> What this doesn't address is why the tail of this particular airliner
> fell off while it was travelling at a comparatively modest speed.
> Anything over 250 kts would have been illegal at that altitude and
> would have been REALLY played up by the media.  But the point is
> valid; the NTSB quizzed a bunch of pilots about Vne issues and
> discovered that most of them were clueless about the subject.

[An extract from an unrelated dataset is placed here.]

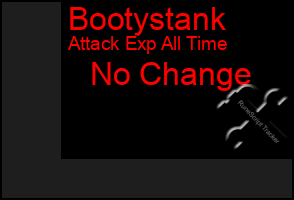 Total Graph of Bootystank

Did they quiz the pilots about Vne? I thought I had read that the pilots they 
interviewed were incorrect in their assumptions about rudder limiting features, 
and that there did exist an opportunity to enter combinations of rudder 
movements (specifically a series of opposite rudder commands) that could cause 
structural failure in the rudder - even well below Vne. I read that the pilots 
were unaware of this. Probably so were the designers. One would think that, 
unlike a Bonanza, a modern commercial transport would limit the ability of the 
pilots to damage their own aircraft via structural filters and limiters. Airbus 
has had its share of problems with "smart" FCS, though. I still remember the 
video of that Airbus (A-300?) inaugural flight that plowed a section of forest 
when trying to takeoff after a low-speed pass over the runway, when the FCS 
insisted that the aircraft was landing and could not command the engines to 
takeoff thrust.

Wasn't there also an angle to this story where a failed composite structure of 
the rudder was involved in a previous incident on the same aircraft, or that 
the failed part was actually an illegally repaired and used part?